Manfred,
On 5/23/2017 2:21 PM, Manfred Mornhinweg wrote:
Stop for a moment. An end-fed antenna, and a battery-powered
oscillator? Where did the other pole go??? You surely know as well as
I do that current flows betwen two poles. An end-fed antenna is
usually fed against ground, or against a counterpoise. The entire
antenna system comprises the antenna, the ground or counterpoise, all
wiring between them, and any other nearby conductors coupling to the
system by capacitance, mutual inductance, or both. We need to find out
how all the house interacted with your oscillator and antenna, when
you made that test!
And even if your end fed antenna had been radiating a purely
horizontal signal, placing your receiving loop higher or lower at an
azimuth angle aligned with the antenna would produce a vertically
polarized signal at the receiving antenna.
I was mistaken about the transmitter antenna. I double checked that
experiment documentation, and the antenna was a short, horizontal dipole.
Stop for another moment! A loop antenna held in a vertical plane has a
horizontal magnetic axis. So its polarization is vertical when seen
from the side, and horizontal when seen from above or below. And
mixed/slanted when seen from another angle. The directivity is such
that looking through the loop, along the magnetic axis, is a null.
Maximum reception is equally from the sides, from above and from
below. If you point the magnetic axis of the loop at the signal
source, in theory you should receive nothing. Anything you do receive
is by reflections, and the loop responds to vertically polarized
signals bouncing in from the side walls or vertical objects, and
horizontally polarized signals bouncing in from ceiling, floor and
horizontal objects.
And all of this is true only if the wavelength is short enough!

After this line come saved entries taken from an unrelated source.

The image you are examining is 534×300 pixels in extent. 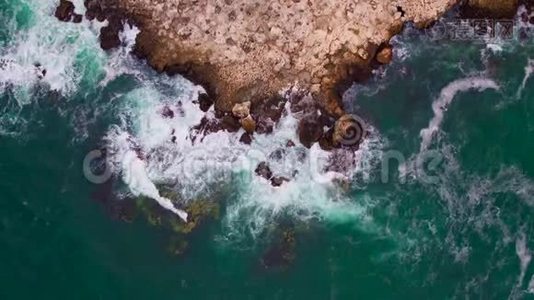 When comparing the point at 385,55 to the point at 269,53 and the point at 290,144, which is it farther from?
the point at 290,144

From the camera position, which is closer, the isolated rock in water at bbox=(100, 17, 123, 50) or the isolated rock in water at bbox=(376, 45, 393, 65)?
the isolated rock in water at bbox=(376, 45, 393, 65)

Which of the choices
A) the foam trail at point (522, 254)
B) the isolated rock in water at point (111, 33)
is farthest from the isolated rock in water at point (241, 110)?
the foam trail at point (522, 254)

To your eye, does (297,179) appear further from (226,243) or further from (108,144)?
(108,144)

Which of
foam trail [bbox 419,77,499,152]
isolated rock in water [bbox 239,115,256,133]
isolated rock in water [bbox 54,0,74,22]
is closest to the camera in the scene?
isolated rock in water [bbox 239,115,256,133]

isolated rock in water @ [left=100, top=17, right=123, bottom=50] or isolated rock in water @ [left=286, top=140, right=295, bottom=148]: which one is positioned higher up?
isolated rock in water @ [left=100, top=17, right=123, bottom=50]

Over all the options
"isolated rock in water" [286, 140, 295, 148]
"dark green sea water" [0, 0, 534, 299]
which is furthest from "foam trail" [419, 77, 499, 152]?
"isolated rock in water" [286, 140, 295, 148]

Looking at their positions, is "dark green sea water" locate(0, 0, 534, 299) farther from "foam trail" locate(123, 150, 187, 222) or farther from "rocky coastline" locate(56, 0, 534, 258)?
"rocky coastline" locate(56, 0, 534, 258) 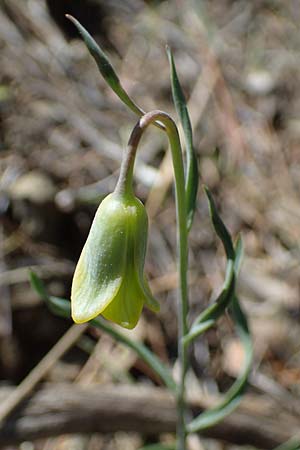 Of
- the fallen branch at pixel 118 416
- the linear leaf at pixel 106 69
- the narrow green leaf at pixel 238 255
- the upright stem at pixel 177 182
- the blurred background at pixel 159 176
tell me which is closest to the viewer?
the upright stem at pixel 177 182

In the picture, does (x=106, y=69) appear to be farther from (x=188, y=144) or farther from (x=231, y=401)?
(x=231, y=401)

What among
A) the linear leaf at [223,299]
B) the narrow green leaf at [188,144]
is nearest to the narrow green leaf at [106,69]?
the narrow green leaf at [188,144]

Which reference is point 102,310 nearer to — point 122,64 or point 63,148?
point 63,148

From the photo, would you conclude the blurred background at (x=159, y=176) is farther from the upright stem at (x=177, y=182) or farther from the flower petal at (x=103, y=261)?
the flower petal at (x=103, y=261)

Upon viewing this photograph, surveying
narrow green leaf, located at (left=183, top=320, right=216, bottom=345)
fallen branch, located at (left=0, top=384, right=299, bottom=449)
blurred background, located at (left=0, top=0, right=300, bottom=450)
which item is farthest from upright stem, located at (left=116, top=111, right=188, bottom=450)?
blurred background, located at (left=0, top=0, right=300, bottom=450)

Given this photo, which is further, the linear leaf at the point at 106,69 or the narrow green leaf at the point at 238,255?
the narrow green leaf at the point at 238,255

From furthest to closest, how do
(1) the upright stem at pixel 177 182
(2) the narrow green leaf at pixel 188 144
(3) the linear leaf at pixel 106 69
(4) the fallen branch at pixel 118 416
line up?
(4) the fallen branch at pixel 118 416, (2) the narrow green leaf at pixel 188 144, (3) the linear leaf at pixel 106 69, (1) the upright stem at pixel 177 182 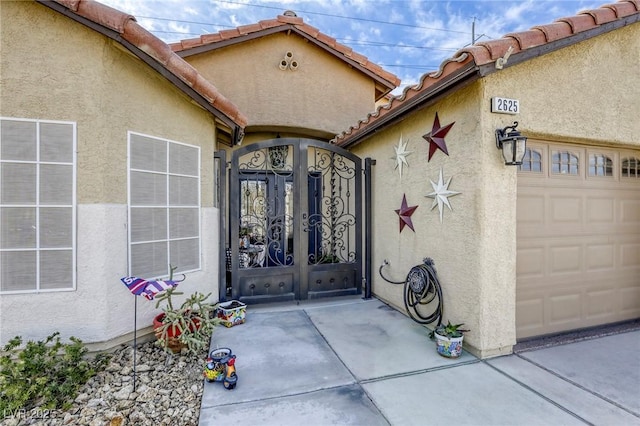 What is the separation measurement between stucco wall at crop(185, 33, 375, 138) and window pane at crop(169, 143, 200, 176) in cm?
416

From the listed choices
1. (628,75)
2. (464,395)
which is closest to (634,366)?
(464,395)

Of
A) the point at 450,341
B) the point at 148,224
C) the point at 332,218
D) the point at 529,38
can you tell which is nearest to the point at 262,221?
the point at 332,218

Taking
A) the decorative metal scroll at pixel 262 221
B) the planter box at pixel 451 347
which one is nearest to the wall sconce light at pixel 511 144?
the planter box at pixel 451 347

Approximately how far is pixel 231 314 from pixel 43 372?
2.95 metres

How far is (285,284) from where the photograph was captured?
793cm

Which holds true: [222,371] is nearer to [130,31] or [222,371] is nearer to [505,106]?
[130,31]

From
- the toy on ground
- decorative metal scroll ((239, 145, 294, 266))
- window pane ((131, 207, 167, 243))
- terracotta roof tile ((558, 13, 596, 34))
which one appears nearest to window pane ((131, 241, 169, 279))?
window pane ((131, 207, 167, 243))

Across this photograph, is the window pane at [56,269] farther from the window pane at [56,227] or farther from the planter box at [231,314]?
the planter box at [231,314]

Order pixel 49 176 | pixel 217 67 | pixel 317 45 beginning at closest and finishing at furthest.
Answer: pixel 49 176 < pixel 217 67 < pixel 317 45

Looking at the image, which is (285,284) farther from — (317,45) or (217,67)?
(317,45)

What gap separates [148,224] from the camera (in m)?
5.65

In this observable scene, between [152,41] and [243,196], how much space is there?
13.8 ft

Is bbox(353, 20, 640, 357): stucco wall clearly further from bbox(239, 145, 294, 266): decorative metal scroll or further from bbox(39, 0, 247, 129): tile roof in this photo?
bbox(39, 0, 247, 129): tile roof

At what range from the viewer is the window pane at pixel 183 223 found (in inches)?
242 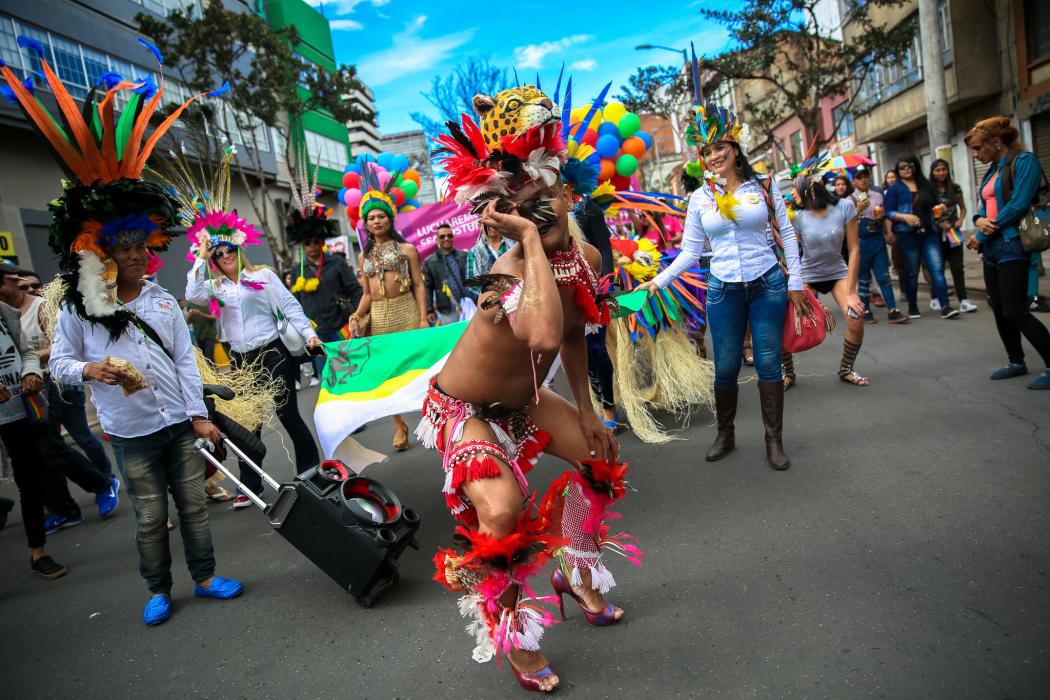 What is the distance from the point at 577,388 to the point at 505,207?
2.55 ft

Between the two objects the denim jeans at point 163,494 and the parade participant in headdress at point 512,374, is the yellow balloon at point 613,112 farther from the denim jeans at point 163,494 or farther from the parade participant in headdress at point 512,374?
the denim jeans at point 163,494

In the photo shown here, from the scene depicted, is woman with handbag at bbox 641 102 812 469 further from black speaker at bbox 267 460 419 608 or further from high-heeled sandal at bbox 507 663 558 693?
high-heeled sandal at bbox 507 663 558 693

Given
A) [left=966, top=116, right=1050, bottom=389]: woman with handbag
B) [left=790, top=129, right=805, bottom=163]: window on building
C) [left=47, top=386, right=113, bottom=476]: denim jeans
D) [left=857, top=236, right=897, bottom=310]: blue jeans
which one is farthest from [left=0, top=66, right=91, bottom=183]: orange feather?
[left=790, top=129, right=805, bottom=163]: window on building

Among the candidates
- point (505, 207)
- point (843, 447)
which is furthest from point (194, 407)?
point (843, 447)

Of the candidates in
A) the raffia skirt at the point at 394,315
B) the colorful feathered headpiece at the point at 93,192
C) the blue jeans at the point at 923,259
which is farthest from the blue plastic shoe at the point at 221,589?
the blue jeans at the point at 923,259

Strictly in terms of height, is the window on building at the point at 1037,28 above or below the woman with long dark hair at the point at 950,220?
above

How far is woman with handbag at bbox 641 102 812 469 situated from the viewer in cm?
405

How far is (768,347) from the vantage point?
411 centimetres

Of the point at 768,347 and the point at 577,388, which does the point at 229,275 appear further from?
the point at 768,347

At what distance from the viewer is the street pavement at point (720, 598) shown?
2285 millimetres

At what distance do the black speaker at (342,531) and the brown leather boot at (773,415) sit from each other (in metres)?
2.22

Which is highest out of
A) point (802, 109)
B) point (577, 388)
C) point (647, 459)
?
point (802, 109)

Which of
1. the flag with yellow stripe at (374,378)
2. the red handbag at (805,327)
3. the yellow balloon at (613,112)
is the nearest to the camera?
the flag with yellow stripe at (374,378)

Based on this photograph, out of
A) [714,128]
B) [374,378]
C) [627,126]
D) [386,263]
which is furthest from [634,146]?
[374,378] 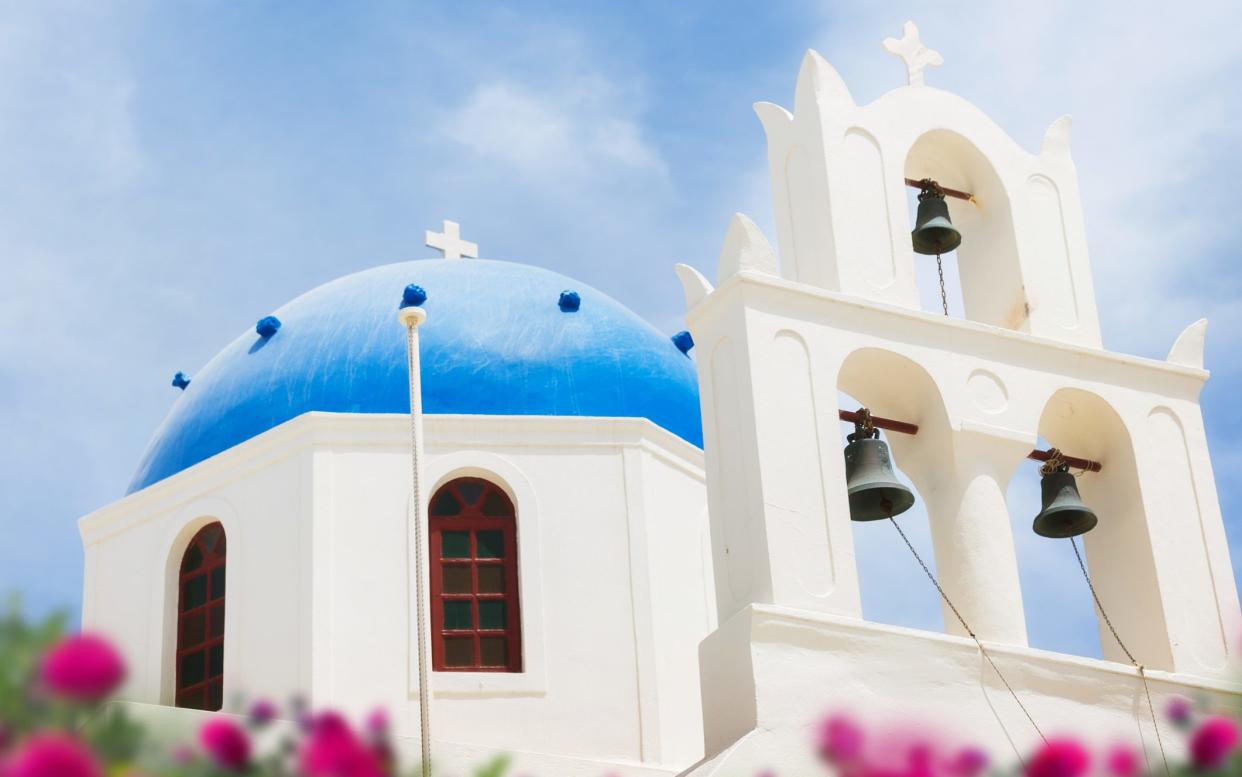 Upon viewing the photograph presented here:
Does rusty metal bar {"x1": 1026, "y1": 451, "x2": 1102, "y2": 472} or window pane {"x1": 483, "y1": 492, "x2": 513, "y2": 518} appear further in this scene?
window pane {"x1": 483, "y1": 492, "x2": 513, "y2": 518}

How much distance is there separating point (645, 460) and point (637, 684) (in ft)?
4.81

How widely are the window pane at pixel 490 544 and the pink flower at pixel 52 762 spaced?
878 cm

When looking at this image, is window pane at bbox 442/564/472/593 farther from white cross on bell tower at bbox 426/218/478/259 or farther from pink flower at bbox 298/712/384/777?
pink flower at bbox 298/712/384/777

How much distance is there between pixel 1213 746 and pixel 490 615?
28.1 ft

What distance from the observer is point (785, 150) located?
9.63m

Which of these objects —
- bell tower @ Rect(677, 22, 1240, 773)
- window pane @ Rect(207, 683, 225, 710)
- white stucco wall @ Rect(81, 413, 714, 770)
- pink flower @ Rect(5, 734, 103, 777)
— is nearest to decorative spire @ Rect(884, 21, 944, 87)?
bell tower @ Rect(677, 22, 1240, 773)

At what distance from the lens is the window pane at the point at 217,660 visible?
11297 mm

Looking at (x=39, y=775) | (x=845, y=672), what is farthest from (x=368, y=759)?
(x=845, y=672)

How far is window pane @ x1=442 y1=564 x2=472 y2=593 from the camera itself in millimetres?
11117

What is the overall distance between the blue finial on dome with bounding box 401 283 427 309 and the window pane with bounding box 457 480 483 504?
1.26m

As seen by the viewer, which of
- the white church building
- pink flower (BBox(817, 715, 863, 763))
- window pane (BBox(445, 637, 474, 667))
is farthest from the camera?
window pane (BBox(445, 637, 474, 667))

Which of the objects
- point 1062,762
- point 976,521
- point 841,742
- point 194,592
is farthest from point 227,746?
point 194,592

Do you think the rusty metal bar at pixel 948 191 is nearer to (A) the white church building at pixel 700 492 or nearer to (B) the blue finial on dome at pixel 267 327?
(A) the white church building at pixel 700 492

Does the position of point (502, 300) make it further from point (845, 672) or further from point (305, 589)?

Direction-finding HF signals inside a building, and testing their
polarization, is pretty hopeless, because the wave is typically longer
than the free spaces, and you get a very complex mess of local
electric and magnetic fields rather than a well developed, well
defined wave!
The tuned loop was held such that the feed point of the loop was at the
bottom. When holding the loop with the support pole perpendicular to
the ground, vertical polarized signals were nulled when looking through
the loop and maximized when the loop was rotated 90 degrees. This was
determined by using an oscillator with a short transmitting dipole
antenna and orienting the transmitting antenna both vertically and
horizontally. I then excited the house wiring by coupling a signal
generator into the house wiring with a capacitor. It was clear that the
signal was always nulled when I looked through the loop as described
above. I have concluded from this exercise that local RFI generated
inside a house is always vertically polarized. Using this method, I
could easily locate my house, and have located about a dozen other
houses with either grow light ballasts or switch mode power supplies.
I just don't understand why the vertical polarization is predominate
until you get to about 3 meters from the house.
I apologize for this subject on the amp reflector. If there are other
comments, I will take it off the reflector.